DATA:
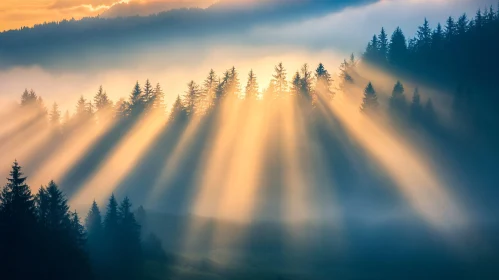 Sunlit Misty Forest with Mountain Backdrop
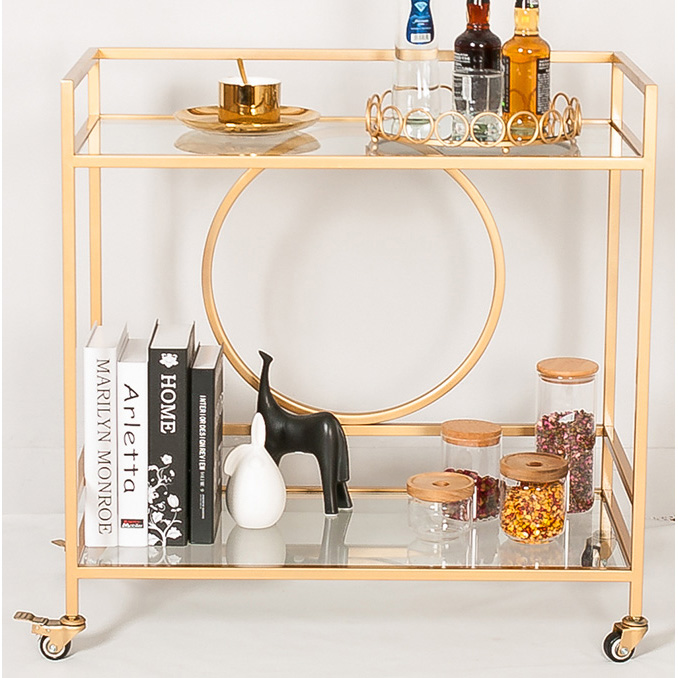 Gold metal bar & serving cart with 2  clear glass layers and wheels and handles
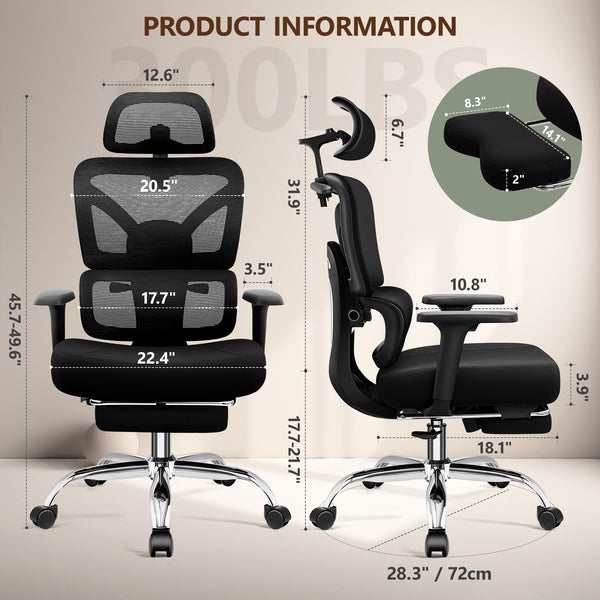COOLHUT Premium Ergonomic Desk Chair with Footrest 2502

ACTION ITEM: Extract all the data above exactly, excluding every picture.

ANSWER SPACE:
 Sunlit Misty Forest with Mountain Backdrop
 Gold metal bar & serving cart with 2  clear glass layers and wheels and handles
COOLHUT Premium Ergonomic Desk Chair with Footrest 2502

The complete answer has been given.